Restate every line below word for word, but drop each picture.

··· DATA

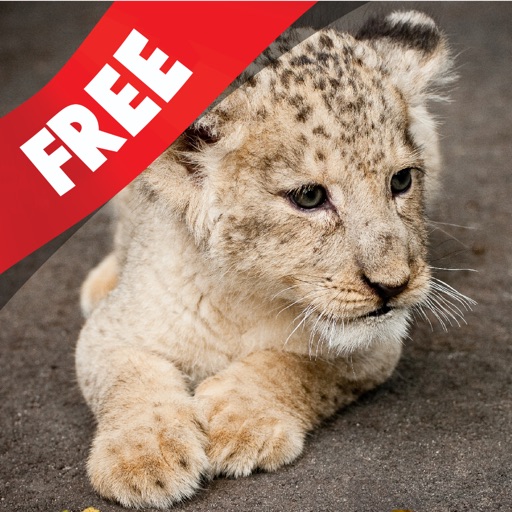 フリーキッズパズル 教えて　動物園：　ライオン、トラ、サルなど、楽しい動物園の仲間達について学びます。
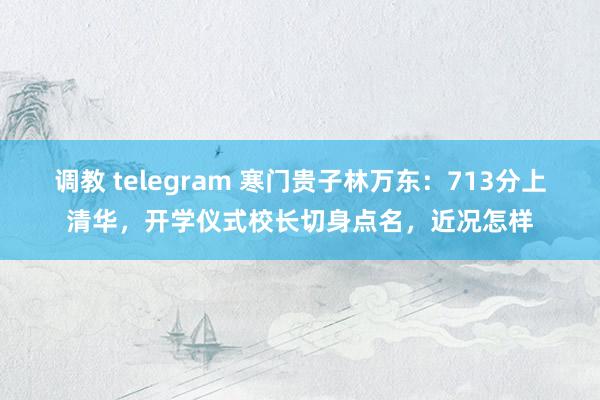 调教 telegram 寒门贵子林万东：713分上清华，开学仪式校长切身点名，近况怎样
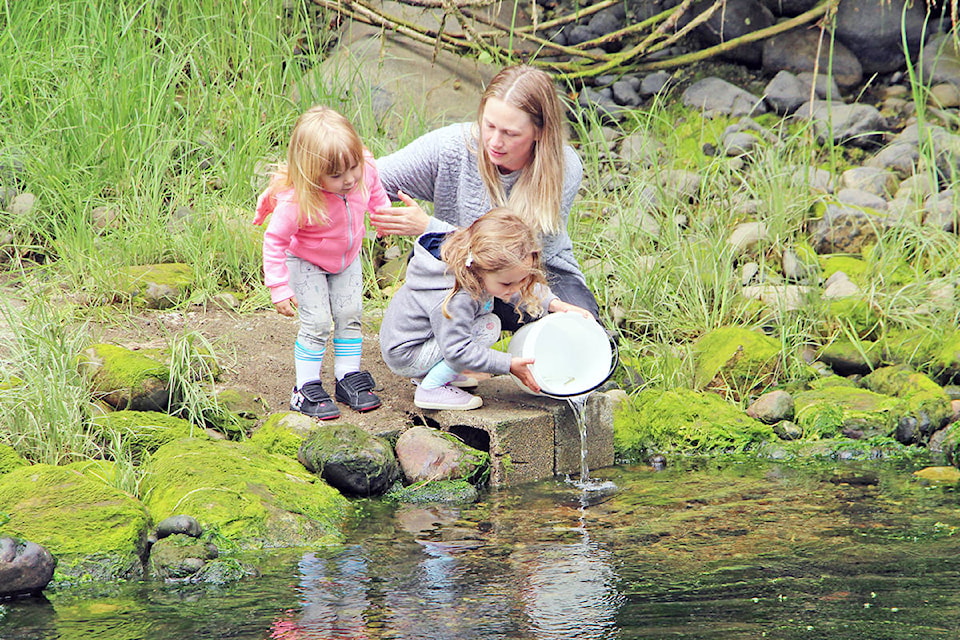 17323533_web1_190619-UWN-Ucluelet-hatchery_1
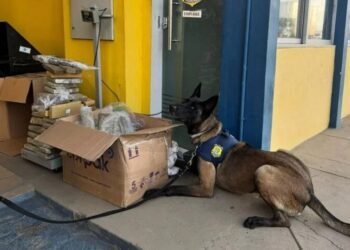 Mulher é presa com 84 kg de maconha em ônibus interestadual na Bahia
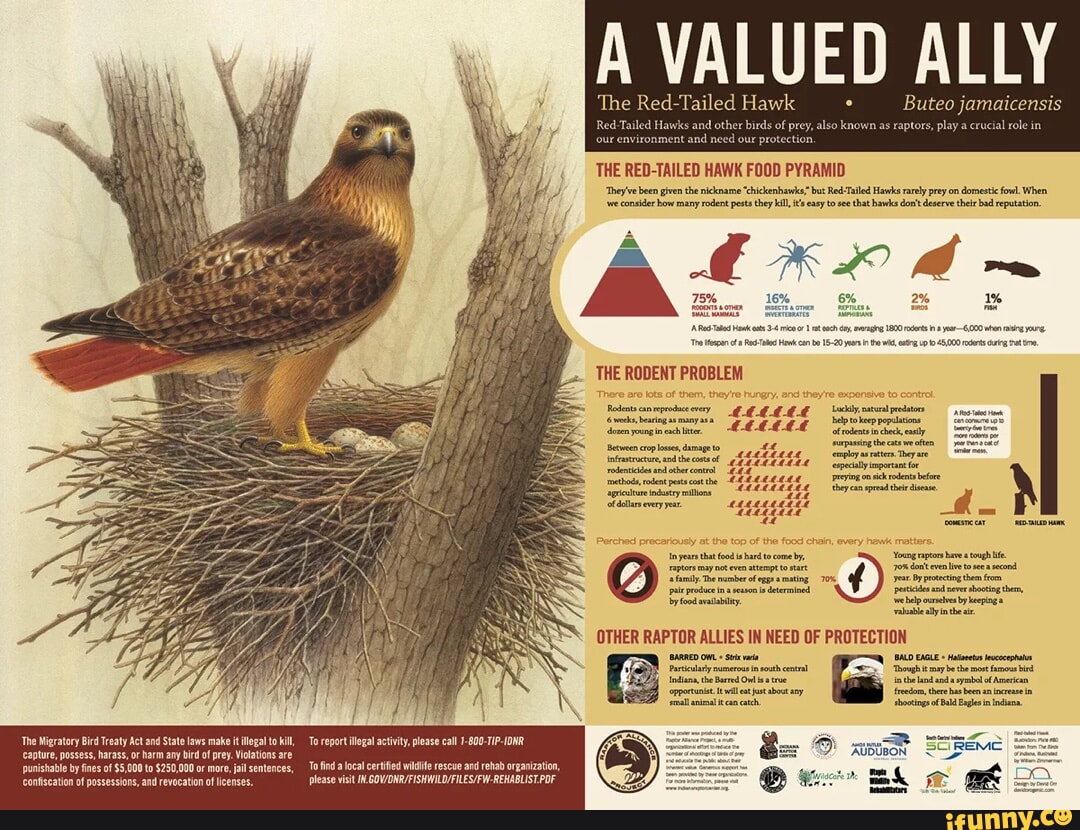 A Red- Hawk VALUED ALLY The Red- 'Tailed vk Buteo jamaicensis 'we ...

······

FINISHED EXERCISE |
 フリーキッズパズル 教えて　動物園：　ライオン、トラ、サルなど、楽しい動物園の仲間達について学びます。
 调教 telegram 寒门贵子林万东：713分上清华，开学仪式校长切身点名，近况怎样
 17323533_web1_190619-UWN-Ucluelet-hatchery_1
 Mulher é presa com 84 kg de maconha em ônibus interestadual na Bahia
 A Red- Hawk VALUED ALLY The Red- 'Tailed vk Buteo jamaicensis 'we ...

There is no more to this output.